■ **Task instructions**
Go through the records below and report each line with "Used" in it.

■ **Information shown**
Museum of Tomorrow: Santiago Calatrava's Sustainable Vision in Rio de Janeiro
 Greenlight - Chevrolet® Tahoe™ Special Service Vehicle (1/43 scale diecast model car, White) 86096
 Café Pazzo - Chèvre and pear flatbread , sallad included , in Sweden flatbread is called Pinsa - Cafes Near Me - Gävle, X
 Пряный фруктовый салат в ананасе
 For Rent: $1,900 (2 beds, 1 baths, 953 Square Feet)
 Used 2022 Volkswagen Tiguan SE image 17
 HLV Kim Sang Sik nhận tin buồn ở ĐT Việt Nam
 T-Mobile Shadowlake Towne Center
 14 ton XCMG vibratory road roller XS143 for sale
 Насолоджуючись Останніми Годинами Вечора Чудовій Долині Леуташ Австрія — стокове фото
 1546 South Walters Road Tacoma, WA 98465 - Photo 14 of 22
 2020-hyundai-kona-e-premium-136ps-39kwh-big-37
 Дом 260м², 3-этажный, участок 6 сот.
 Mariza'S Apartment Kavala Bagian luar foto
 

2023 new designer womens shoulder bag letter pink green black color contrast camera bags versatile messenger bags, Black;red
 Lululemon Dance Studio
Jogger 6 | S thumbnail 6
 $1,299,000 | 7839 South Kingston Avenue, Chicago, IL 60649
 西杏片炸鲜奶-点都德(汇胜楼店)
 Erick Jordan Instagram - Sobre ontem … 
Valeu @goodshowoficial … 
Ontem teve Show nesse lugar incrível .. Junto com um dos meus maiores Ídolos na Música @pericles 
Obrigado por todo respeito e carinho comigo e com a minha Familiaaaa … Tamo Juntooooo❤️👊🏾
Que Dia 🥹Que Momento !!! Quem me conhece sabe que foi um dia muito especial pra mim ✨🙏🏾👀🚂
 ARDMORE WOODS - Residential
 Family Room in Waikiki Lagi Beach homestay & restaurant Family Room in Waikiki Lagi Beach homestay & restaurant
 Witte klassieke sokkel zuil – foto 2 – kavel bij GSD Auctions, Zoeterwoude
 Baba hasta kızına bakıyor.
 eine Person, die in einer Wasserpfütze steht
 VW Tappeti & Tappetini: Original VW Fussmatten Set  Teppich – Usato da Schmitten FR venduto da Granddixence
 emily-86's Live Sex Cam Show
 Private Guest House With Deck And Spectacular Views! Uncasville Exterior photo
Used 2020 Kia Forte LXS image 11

■ **Finished task**
 Used 2022 Volkswagen Tiguan SE image 17
Used 2020 Kia Forte LXS image 11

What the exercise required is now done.